*Exercise*
When the line containing "裂斑鷹翅天蛾藏品圖，第3張" is found in the data below, copy it and each line after it through the line containing "Lost Male Cat", exactly and with no others.

*Task inputs*
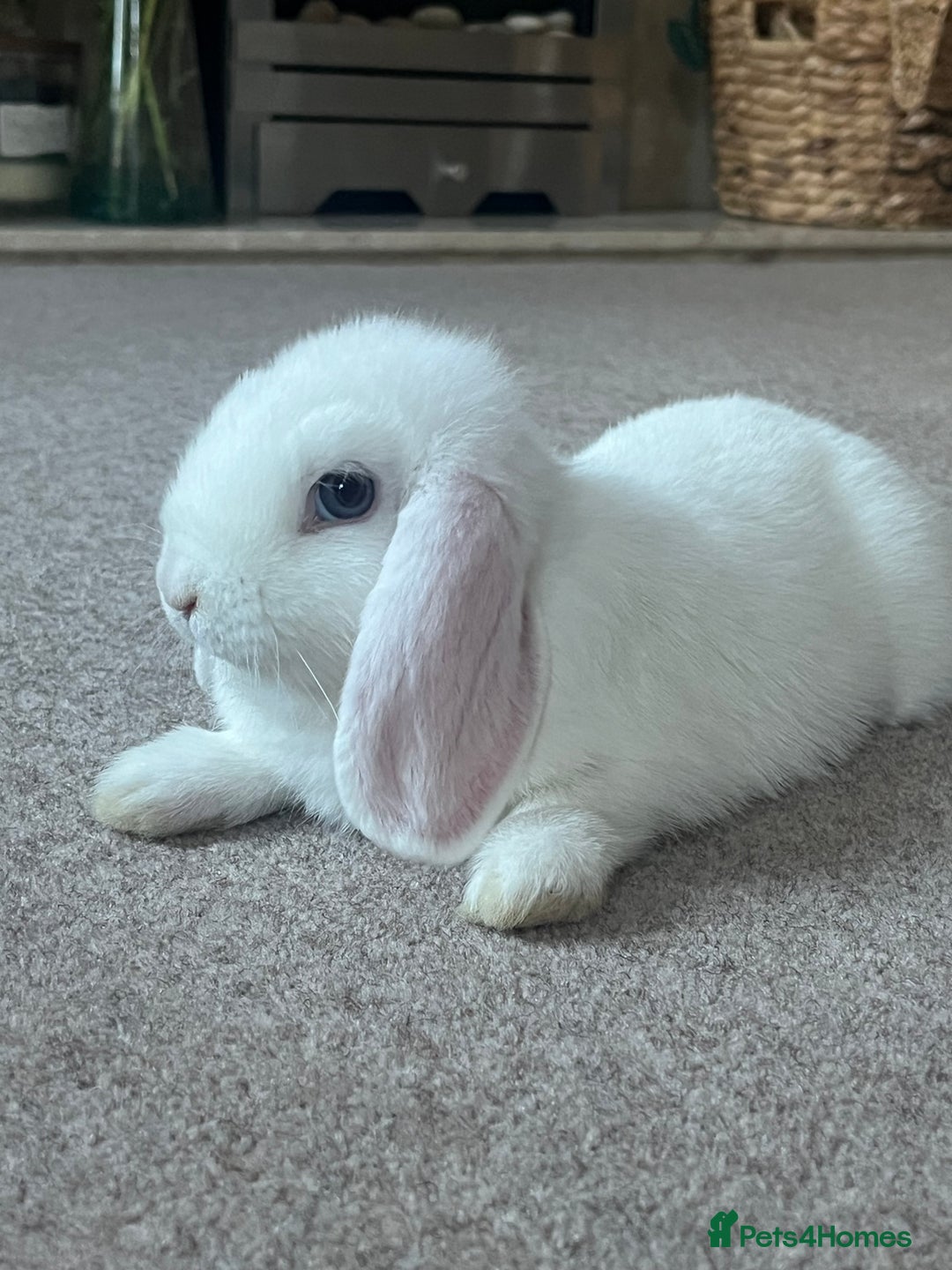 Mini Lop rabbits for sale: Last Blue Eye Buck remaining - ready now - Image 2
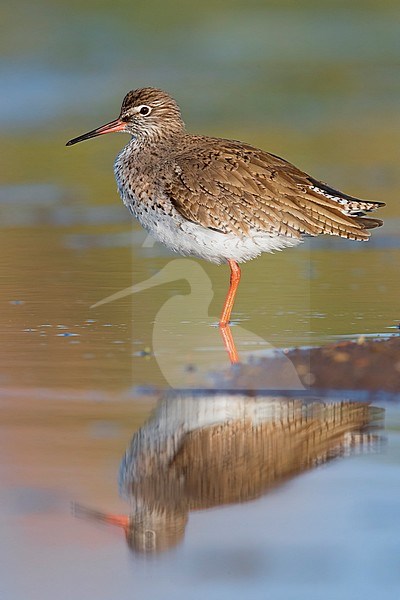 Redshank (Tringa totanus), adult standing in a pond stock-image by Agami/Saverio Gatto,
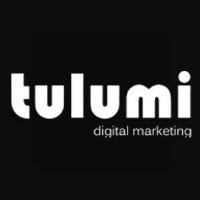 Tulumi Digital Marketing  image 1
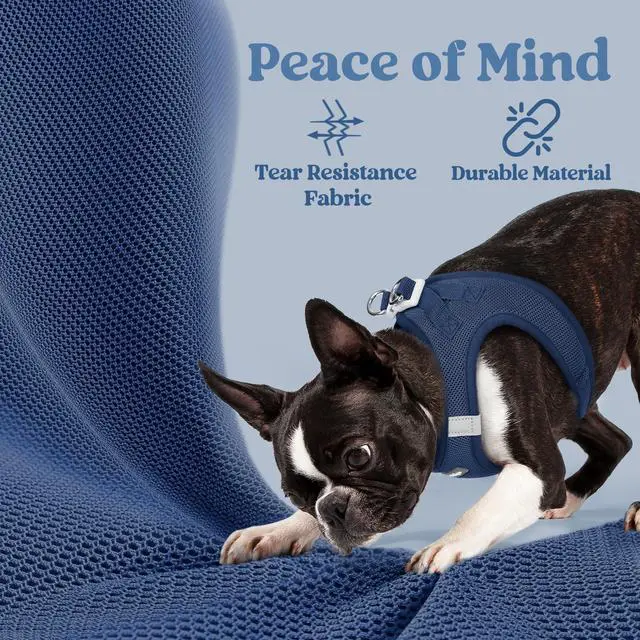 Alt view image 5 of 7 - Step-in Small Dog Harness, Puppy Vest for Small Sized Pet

* * *

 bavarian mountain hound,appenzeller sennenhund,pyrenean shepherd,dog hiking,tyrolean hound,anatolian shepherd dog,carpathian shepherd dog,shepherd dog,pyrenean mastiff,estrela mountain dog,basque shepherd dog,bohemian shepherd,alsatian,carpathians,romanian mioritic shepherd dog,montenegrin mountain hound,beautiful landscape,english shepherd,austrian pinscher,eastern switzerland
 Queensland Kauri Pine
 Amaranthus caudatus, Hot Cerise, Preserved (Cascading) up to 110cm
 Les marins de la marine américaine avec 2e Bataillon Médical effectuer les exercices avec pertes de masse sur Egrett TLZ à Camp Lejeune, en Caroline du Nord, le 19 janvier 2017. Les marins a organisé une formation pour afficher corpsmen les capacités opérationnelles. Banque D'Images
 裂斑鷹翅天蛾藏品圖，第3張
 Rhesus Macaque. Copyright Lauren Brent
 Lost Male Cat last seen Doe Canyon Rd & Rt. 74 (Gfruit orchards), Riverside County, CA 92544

*Answer space*
 裂斑鷹翅天蛾藏品圖，第3張
 Rhesus Macaque. Copyright Lauren Brent
 Lost Male Cat last seen Doe Canyon Rd & Rt. 74 (Gfruit orchards), Riverside County, CA 92544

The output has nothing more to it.